▶ _Goal of the exercise_
Your task is to restate the listing word for word without the pictures.

▶ _Data_
┌──
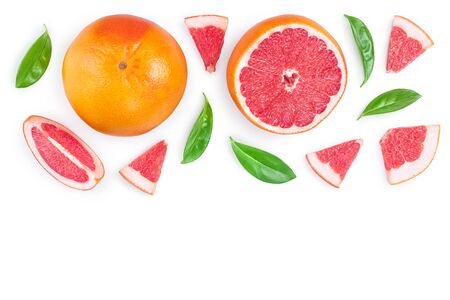Grapefruit and slices with leaves isolated on white background with copy space for your text. Top view. Flat lay pattern.の写真素材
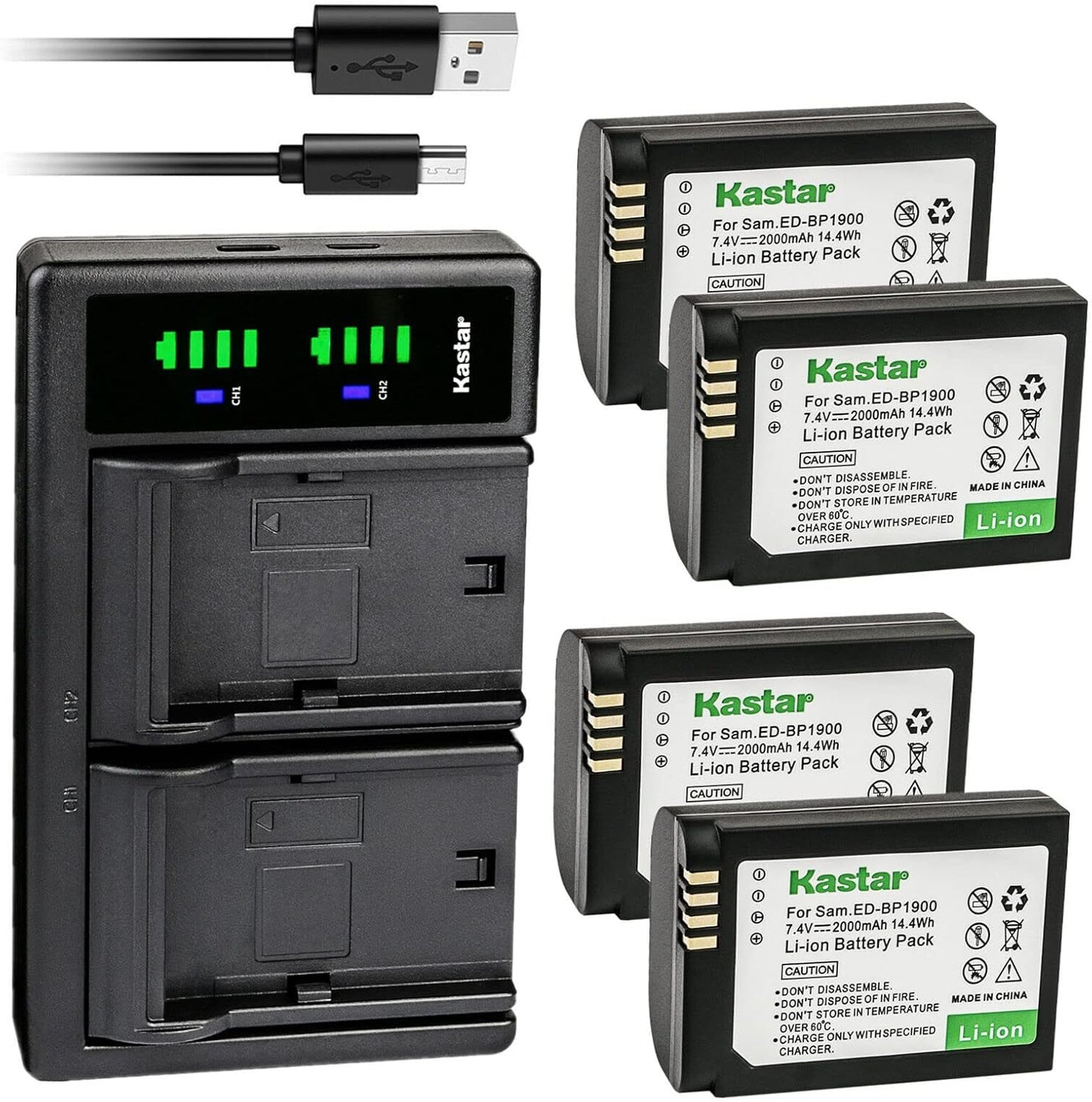 Kastar 4-Pack Battery and USB Charger for Samsung NX1 Camera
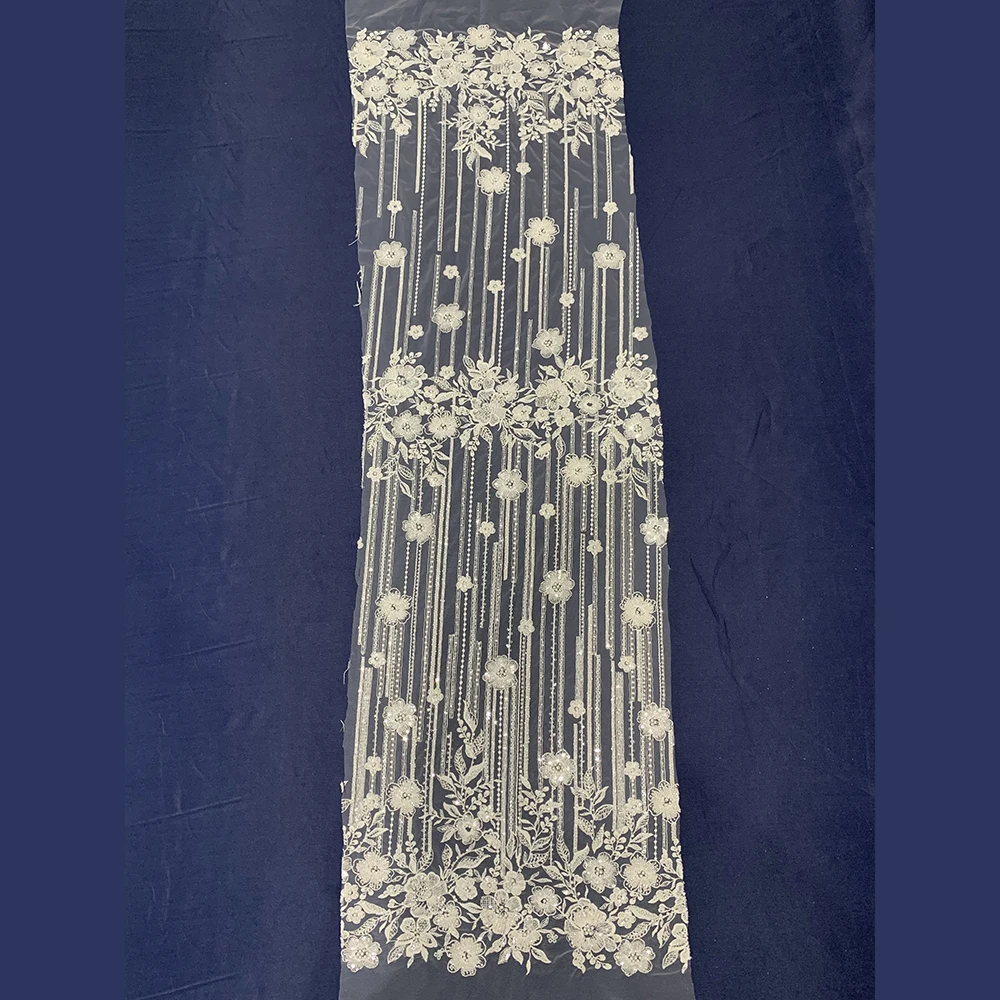 Wholesale good price white bridal pearl embroidered beaded crystal sequin fabric manufacturers for ladies african lace fabric
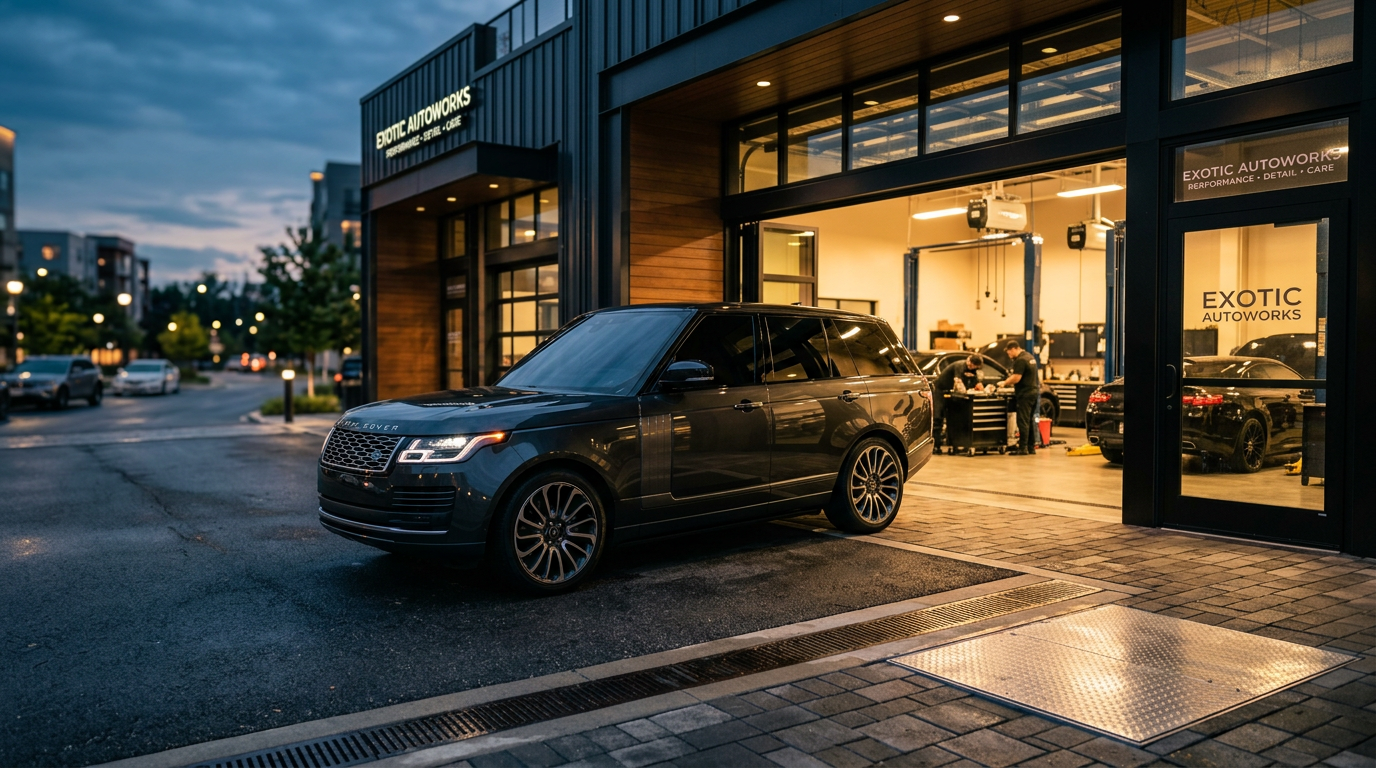 A dark high-end SUV with tinted windows parked outside a modern shop entrance at dusk with warm light from inside.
└──
▶ _Output below_
Grapefruit and slices with leaves isolated on white background with copy space for your text. Top view. Flat lay pattern.の写真素材
 Kastar 4-Pack Battery and USB Charger for Samsung NX1 Camera
 Wholesale good price white bridal pearl embroidered beaded crystal sequin fabric manufacturers for ladies african lace fabric
 A dark high-end SUV with tinted windows parked outside a modern shop entrance at dusk with warm light from inside.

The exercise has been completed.